Captioned web images:
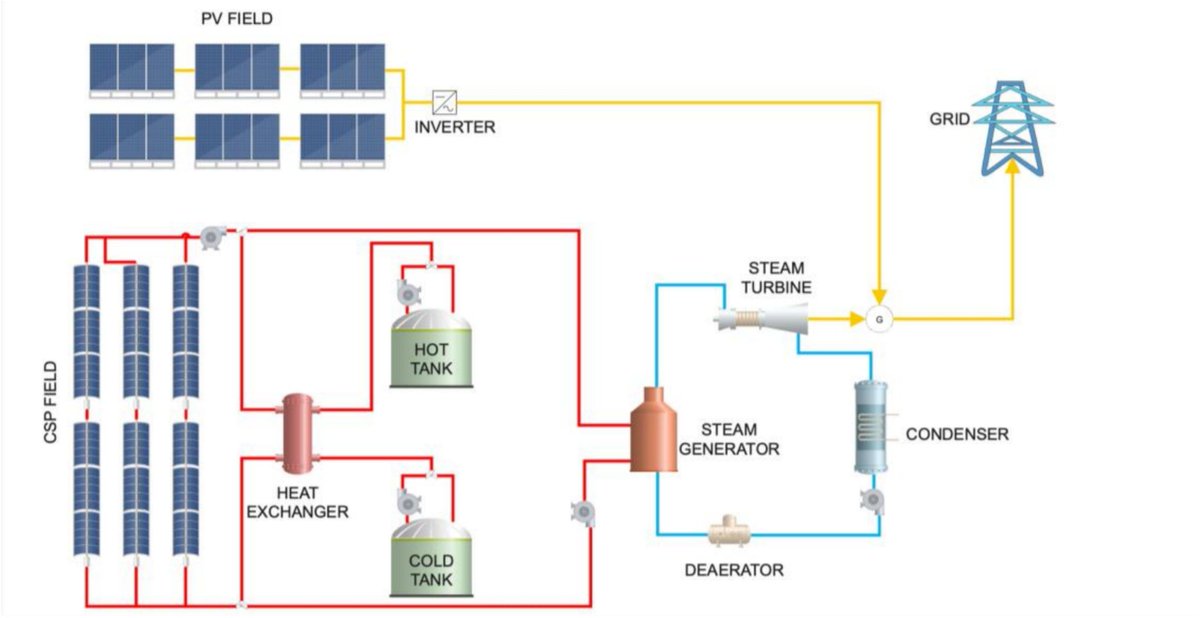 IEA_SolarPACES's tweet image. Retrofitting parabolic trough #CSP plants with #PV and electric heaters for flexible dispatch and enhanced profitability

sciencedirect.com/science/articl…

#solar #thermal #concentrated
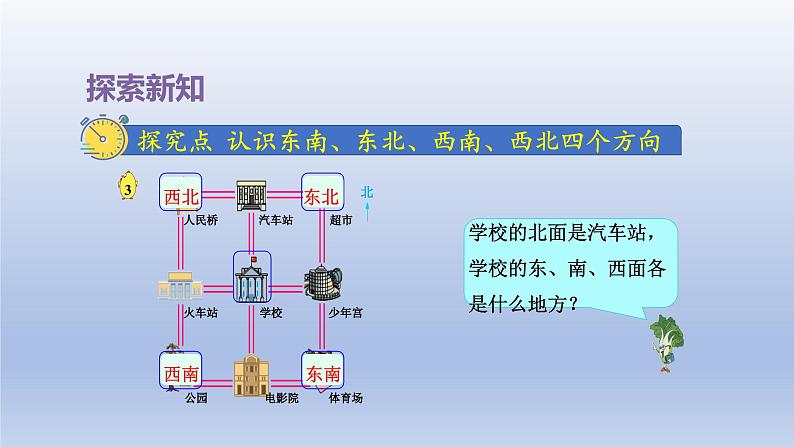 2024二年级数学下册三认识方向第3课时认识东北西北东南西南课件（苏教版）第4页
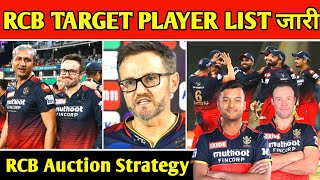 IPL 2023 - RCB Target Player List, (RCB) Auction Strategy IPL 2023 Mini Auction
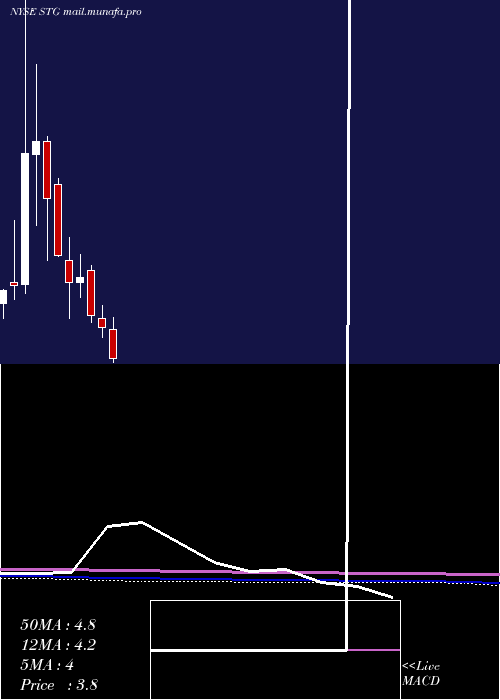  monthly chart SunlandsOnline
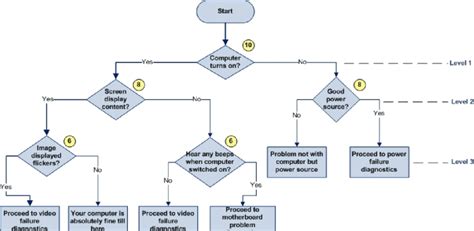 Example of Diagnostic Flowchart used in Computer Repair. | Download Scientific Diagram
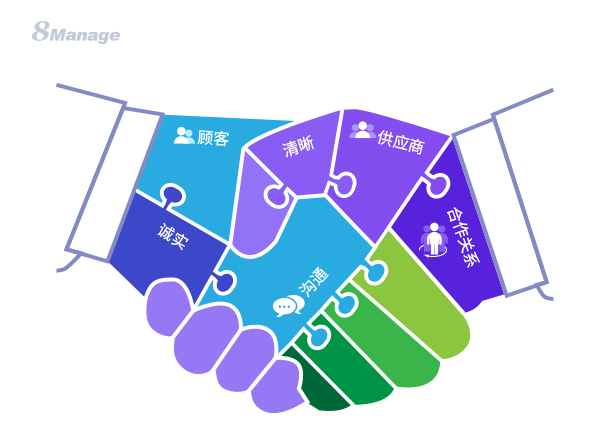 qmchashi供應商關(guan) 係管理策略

● WHAT THE EXERCISE ASKS:
Please print every record exactly, leaving out the pictures.

● SOLUTION TO THIS TASK:
 IEA_SolarPACES's tweet image. Retrofitting parabolic trough #CSP plants with #PV and electric heaters for flexible dispatch and enhanced profitability

sciencedirect.com/science/articl…

#solar #thermal #concentrated
 2024二年级数学下册三认识方向第3课时认识东北西北东南西南课件（苏教版）第4页
 IPL 2023 - RCB Target Player List, (RCB) Auction Strategy IPL 2023 Mini Auction
  monthly chart SunlandsOnline
 Example of Diagnostic Flowchart used in Computer Repair. | Download Scientific Diagram
 qmchashi供應商關(guan) 係管理策略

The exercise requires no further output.